Matter can never be in two phases at the same time: Water can’t be liquid and ice simultaneously. But teams and companies need both phases at all times—they need the loonshot phase of radical innovation plus the franchise phase of operational excellence. So how can they do it?

There’s one exception to the rule that matter can’t be in two phases at once: right on the edge of phase transition, at 32°F. When you bring a tub of water to 32°, blocks of ice will form separately from pools of water. The two states will coexist, but they don’t just sit there. The solid and the liquid are in dynamic equilibrium—there’s a constant exchange, back and forth. Molecules swimming along in the liquid will hit a surface of ice and freeze. Molecules on a surface of ice will jiggle loose and join a pool of water.

And that’s how companies can achieve both radical innovation and operational excellence. Let’s call the creative scientists, engineers, or designers working on radical, high-risk, early-stage ideas “artists.” And let’s call the marketers, business people, or producers “soldiers.”

“The weak link in the chain of innovation is not in the supply of new ideas—it’s in the transfer to the field.”

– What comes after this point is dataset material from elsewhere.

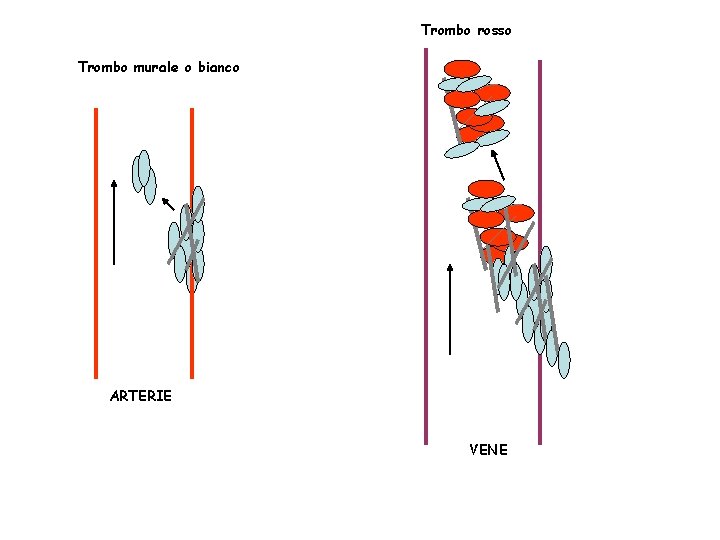 Trombo rosso Trombo murale o bianco ARTERIE VENE 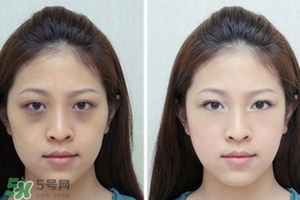 臥蠶是黑眼圈嗎？臥蠶和黑眼圈的區(qū)別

You need both. Separate your artists from your soldiers and create separate environments, each tailored to their different needs, styles, and incentives.

But you also need exchange between the two groups. Not just in one direction— when artists present their beautiful ideas for the soldiers to take into the field— but in the other direction as well. After all, no idea works perfectly the first time; if the soldiers don’t bring back honest feedback from the field, customers won’t use it, soldiers will stop selling it, and the idea will die.

So what’s the lesson here? The weak link in the chain of innovation is not in the supply of new ideas—it’s in the transfer to the field. Which means you should be less focused on the details of any one idea and more focused on the mutual exchange of ideas and feedback, achieving dynamic equilibrium between your artists and your soldiers.